═════ EXERCISE DATA

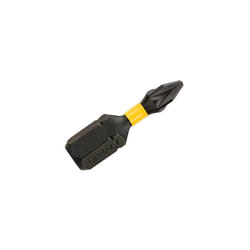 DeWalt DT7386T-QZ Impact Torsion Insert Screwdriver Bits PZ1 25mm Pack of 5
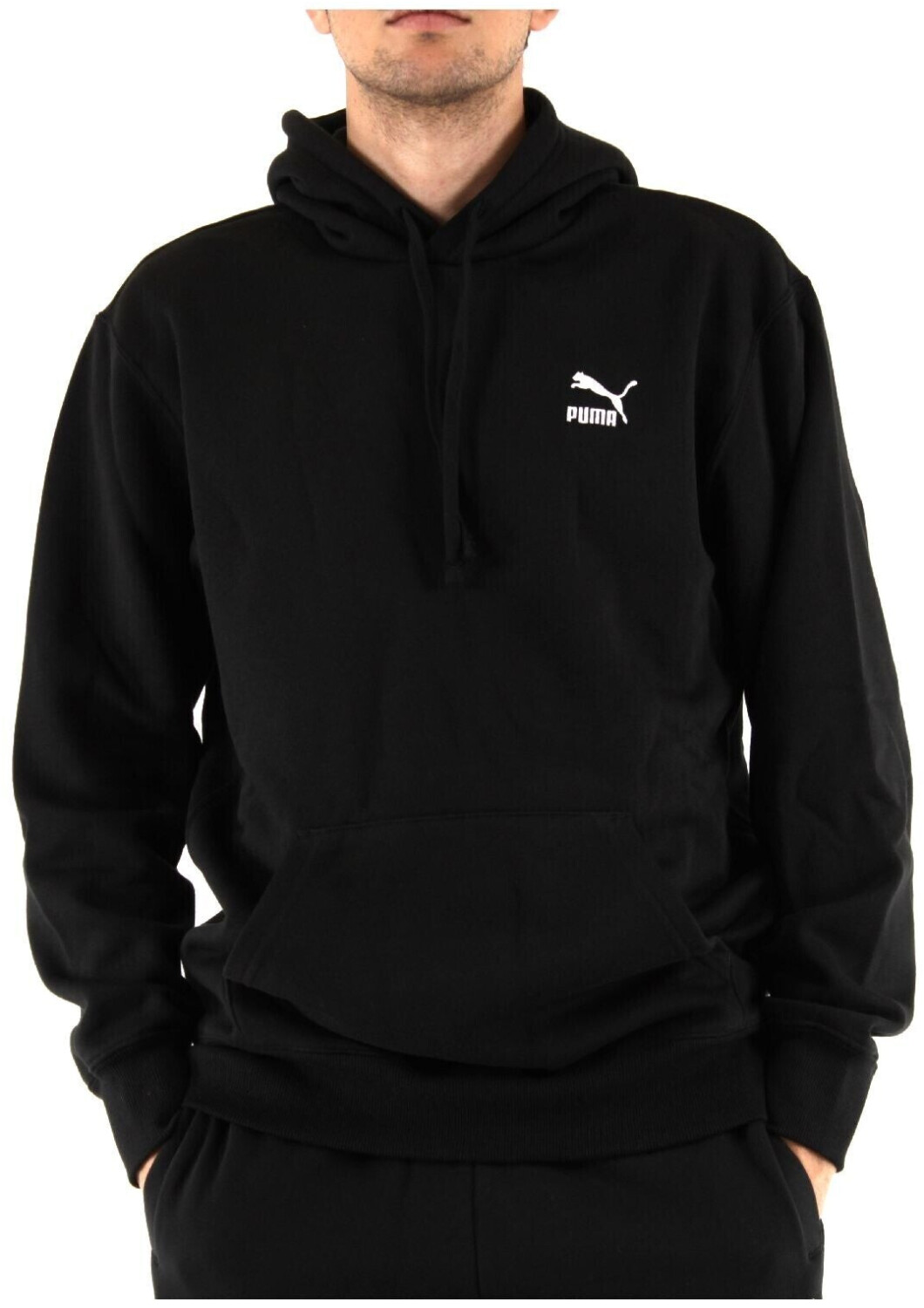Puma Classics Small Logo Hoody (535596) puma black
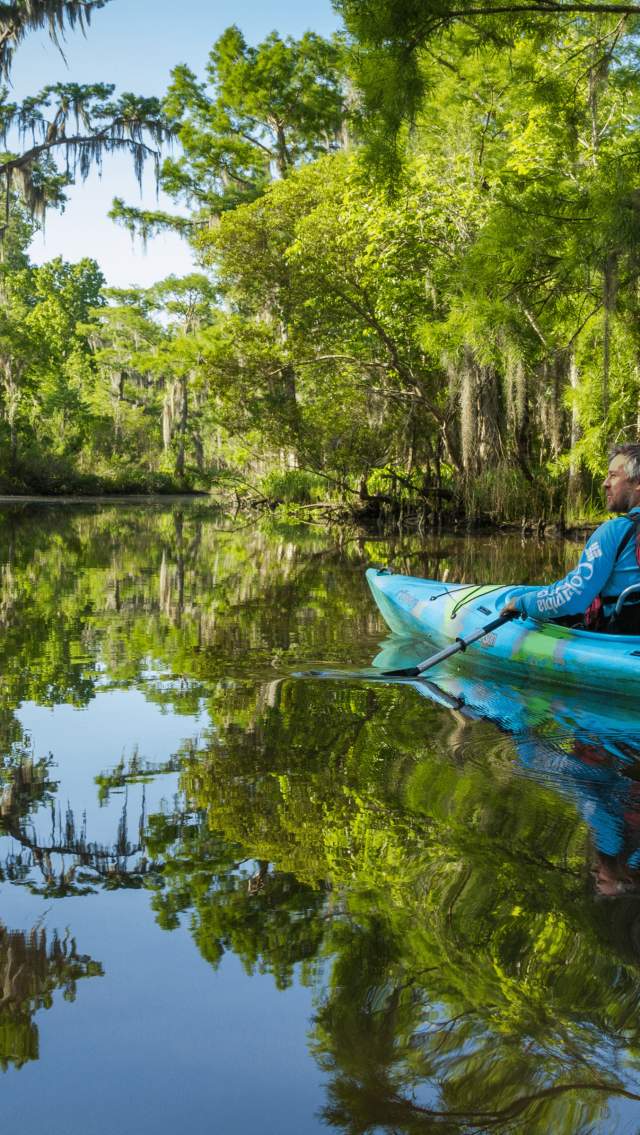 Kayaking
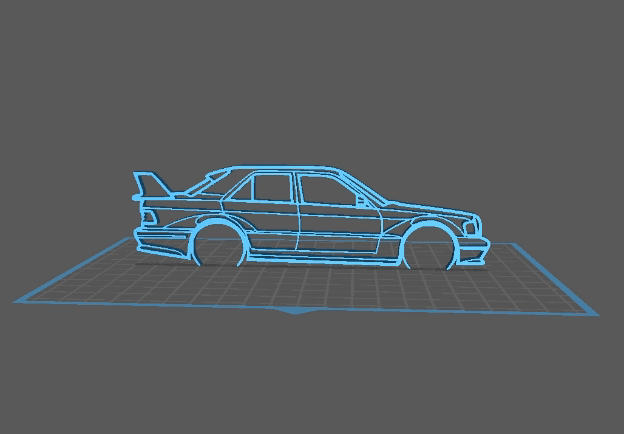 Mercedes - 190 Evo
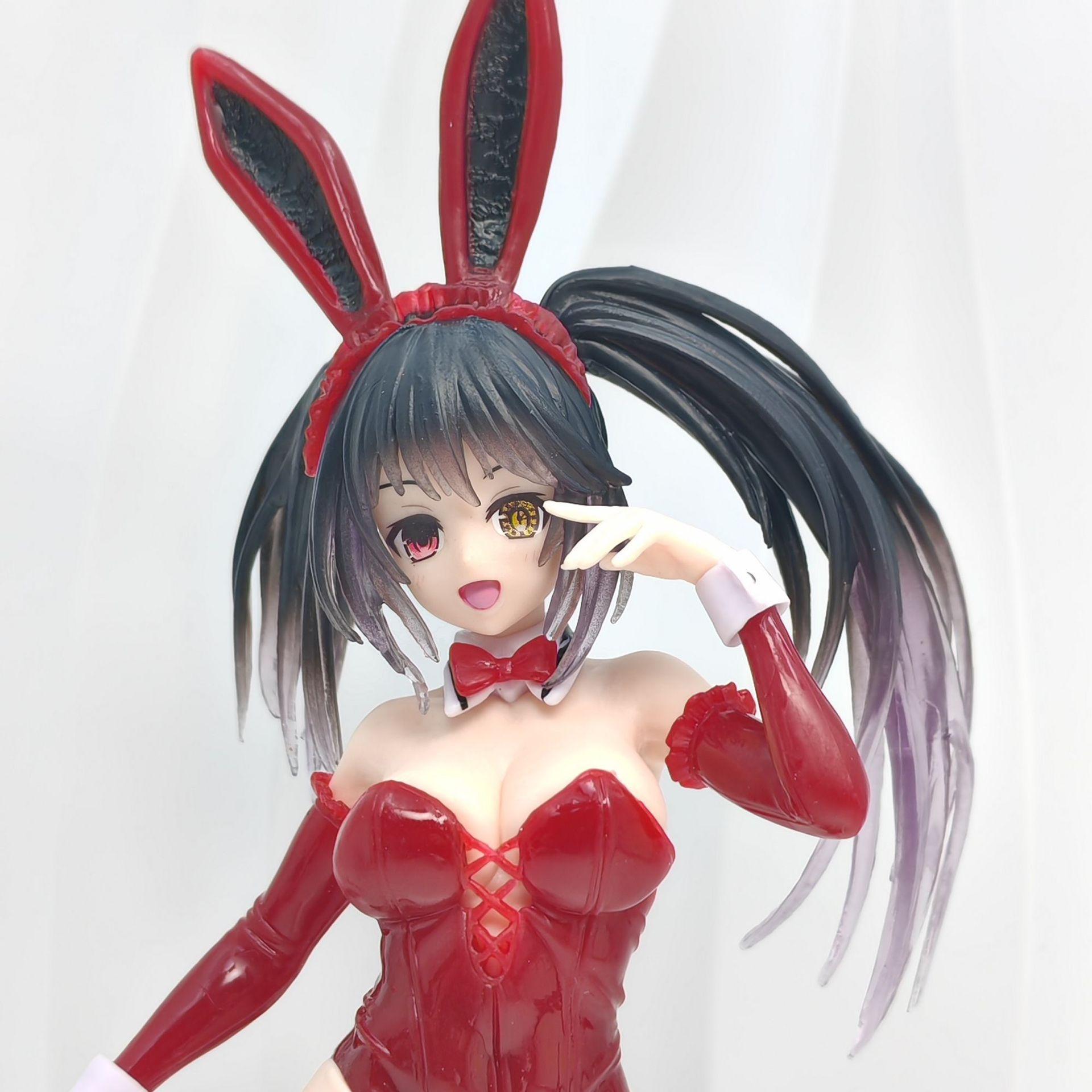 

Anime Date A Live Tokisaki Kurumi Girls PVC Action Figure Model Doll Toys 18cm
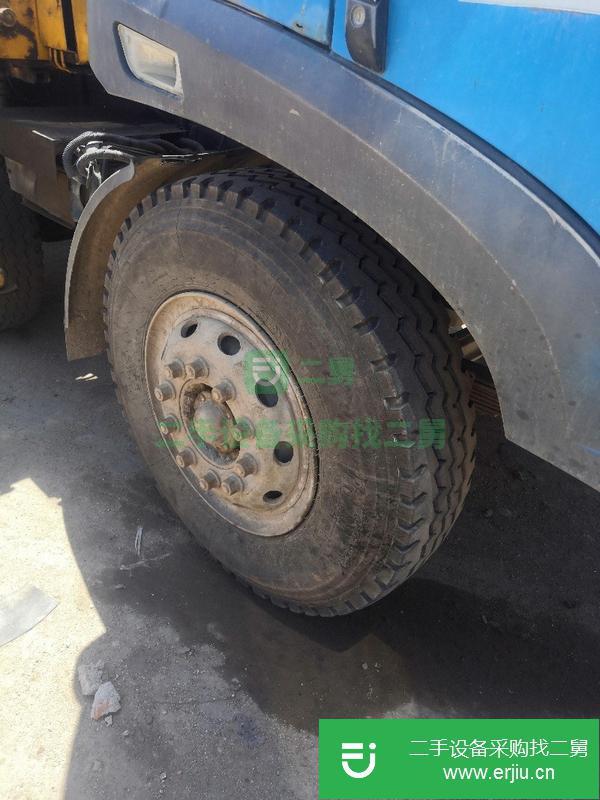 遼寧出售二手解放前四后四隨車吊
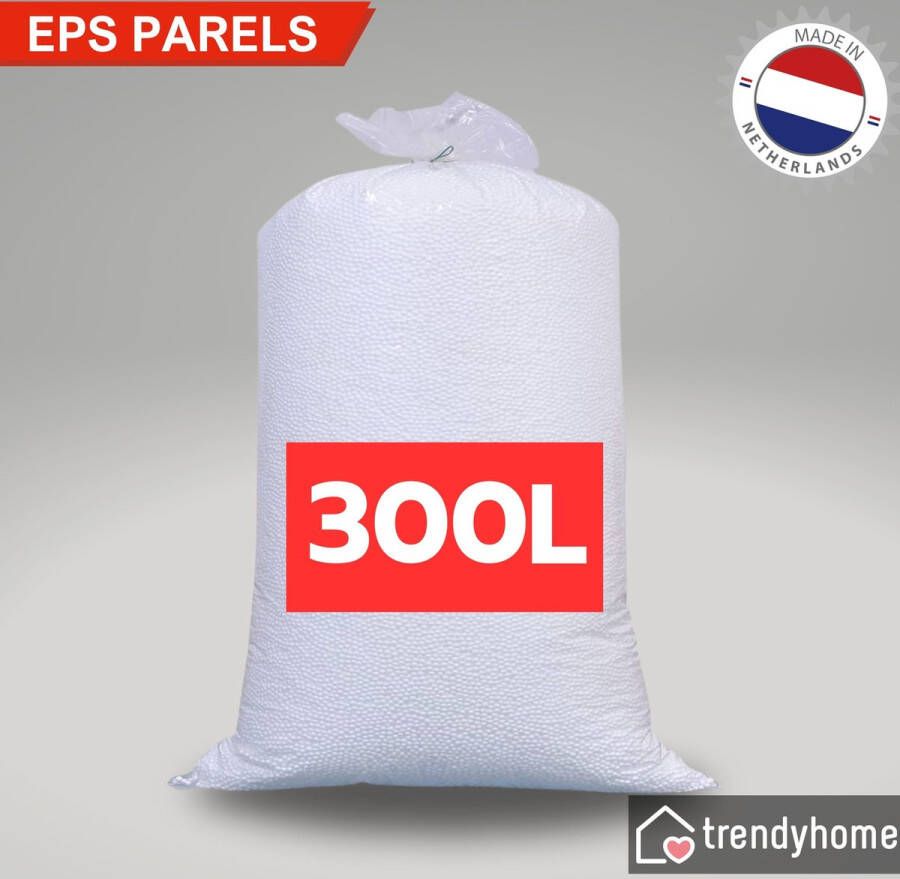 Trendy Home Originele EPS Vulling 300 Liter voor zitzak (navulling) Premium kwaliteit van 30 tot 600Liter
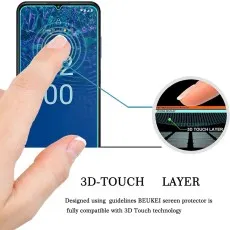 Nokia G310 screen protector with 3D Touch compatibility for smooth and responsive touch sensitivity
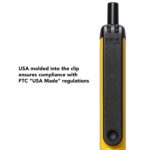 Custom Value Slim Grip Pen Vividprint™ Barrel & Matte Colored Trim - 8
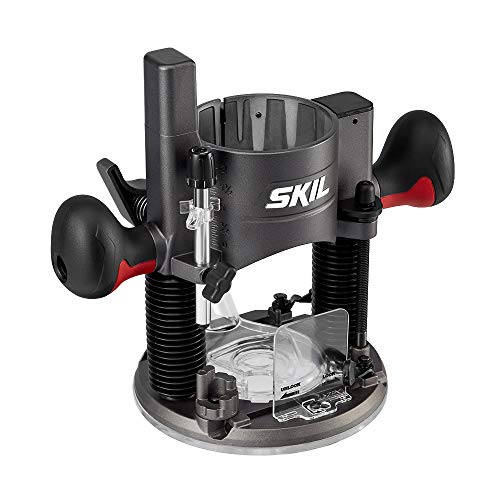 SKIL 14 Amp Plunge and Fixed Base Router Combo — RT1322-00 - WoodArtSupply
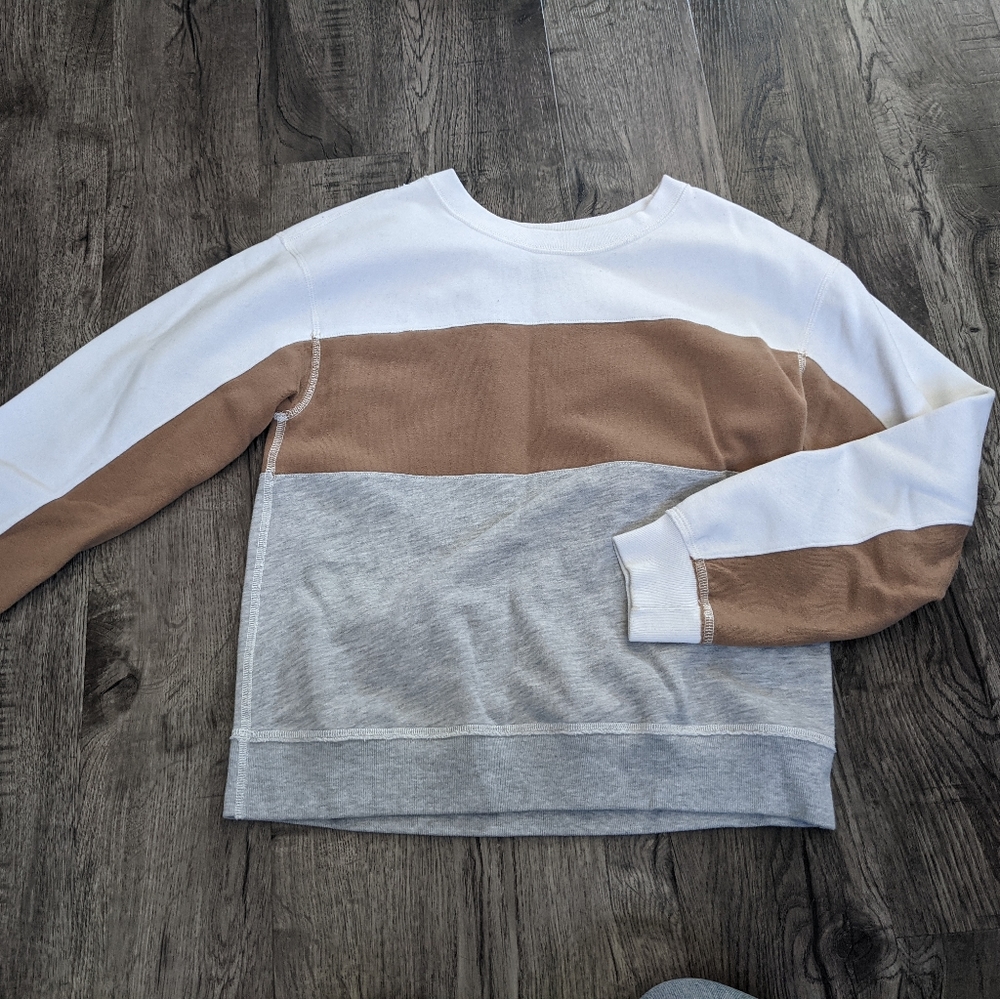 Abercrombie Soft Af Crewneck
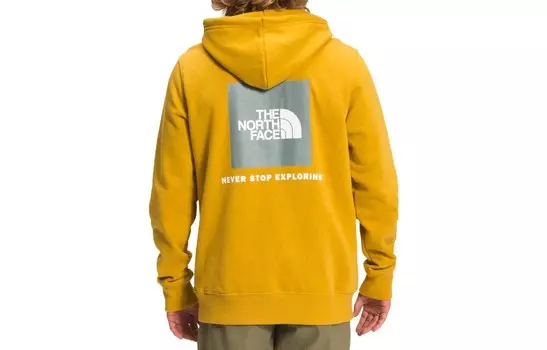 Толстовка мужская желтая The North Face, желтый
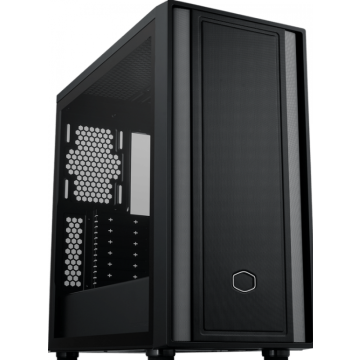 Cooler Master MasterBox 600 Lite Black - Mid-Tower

══════════

▶ _EXERCISE DESCRIPTION_: Leaving out the pictures, please output the lines in the entries above from the one with "遼寧出售二手解放前四后四隨車吊" through the one with "Nokia G310 screen", exactly as they are.

▶ _TASK RESPONSE_:
 遼寧出售二手解放前四后四隨車吊
 Trendy Home Originele EPS Vulling 300 Liter voor zitzak (navulling) Premium kwaliteit van 30 tot 600Liter
 Nokia G310 screen protector with 3D Touch compatibility for smooth and responsive touch sensitivity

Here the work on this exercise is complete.